▶ YOUR OBJECTIVE
The expected answer is a verbatim transcription of the lines below, beginning with the first and ending with the line that holds "RE-PURPOSE 其他大衣", without pictures.

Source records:
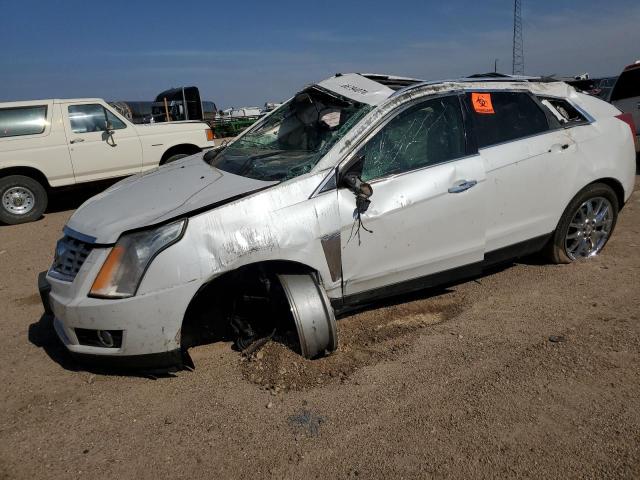 cadillac srx perfor 2014 3gyfnce31es626957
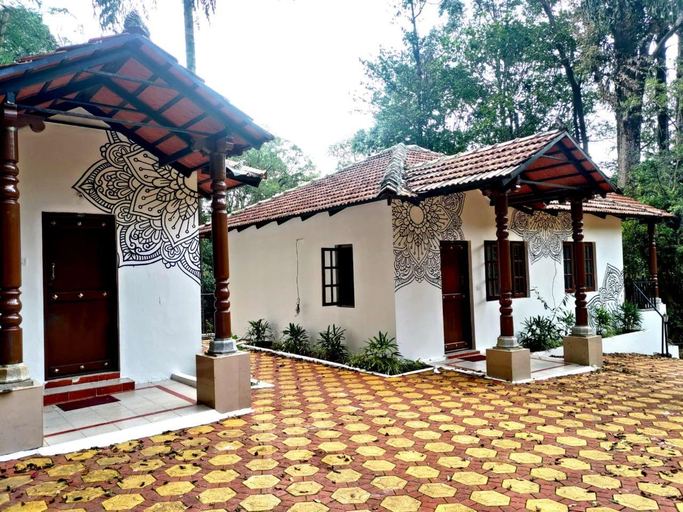 Exterior & Views 1, Staymaker q Experiences, Kodagu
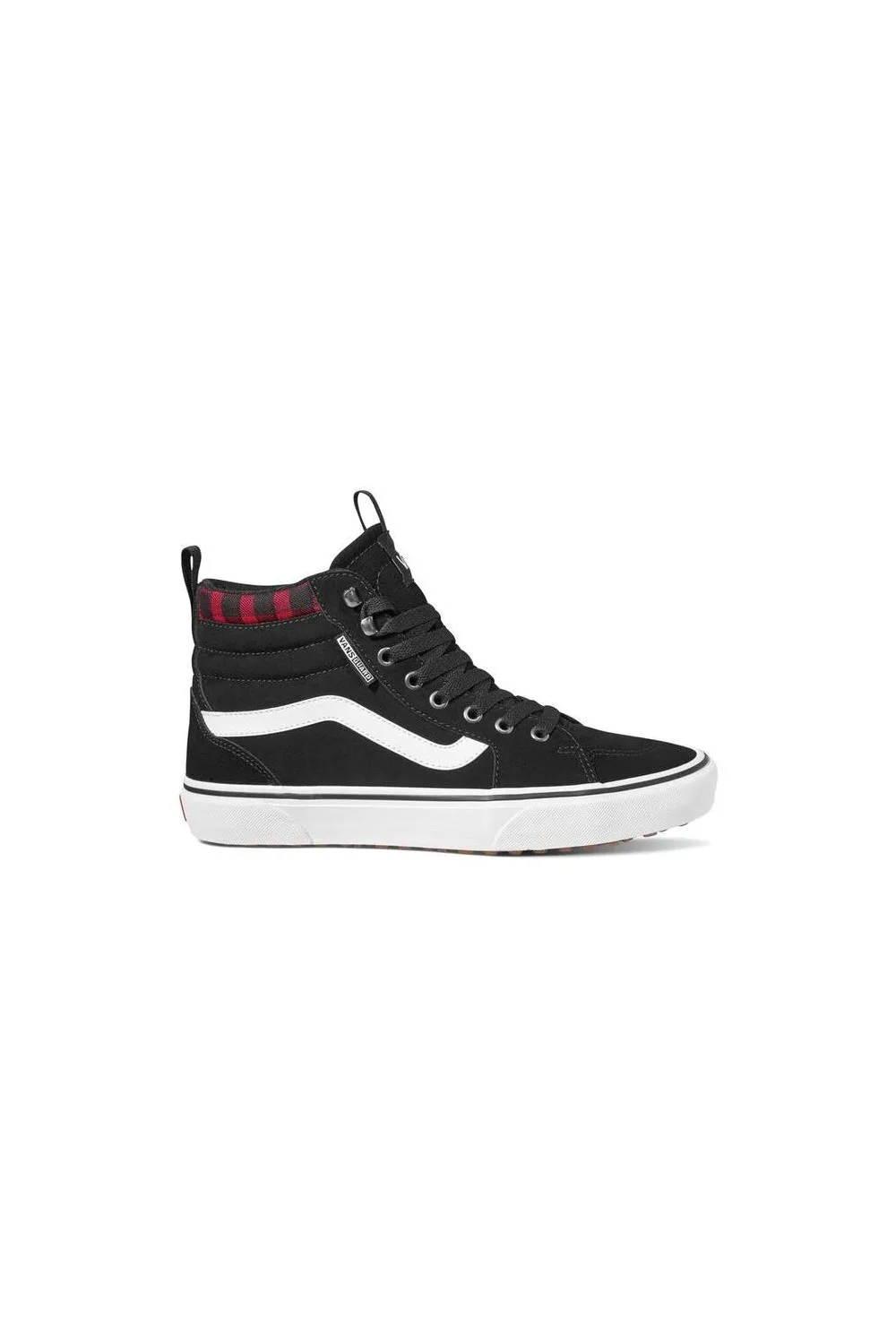 DEPORTIVOS VANS MN FILMORE NEGROBLANCO VN0A5HZK9BY1
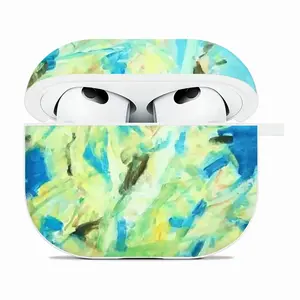 Shake Airpods 3 Case (Hard Shell, White)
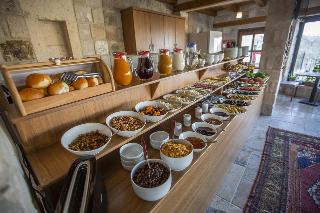 Zara Cave Hotel
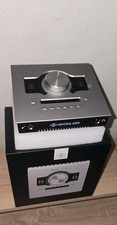 Universal Audio Apollo Twin X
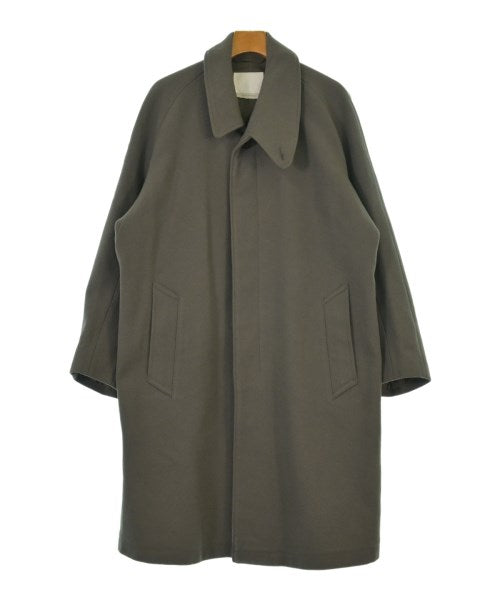 RE-PURPOSE 其他大衣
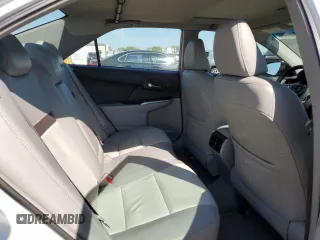 2014 Toyota Camry SE with VIN 4T1BK1FK9EU552089, listed as a Copart auction lot 72788494 with 144,198 mi miles and Salvage Title. Bid and sale history available at carsss.com. Image 10.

▶ EXERCISE OUTPUT
 cadillac srx perfor 2014 3gyfnce31es626957
 Exterior & Views 1, Staymaker q Experiences, Kodagu
 DEPORTIVOS VANS MN FILMORE NEGROBLANCO VN0A5HZK9BY1
 Shake Airpods 3 Case (Hard Shell, White)
 Zara Cave Hotel
 Universal Audio Apollo Twin X
 RE-PURPOSE 其他大衣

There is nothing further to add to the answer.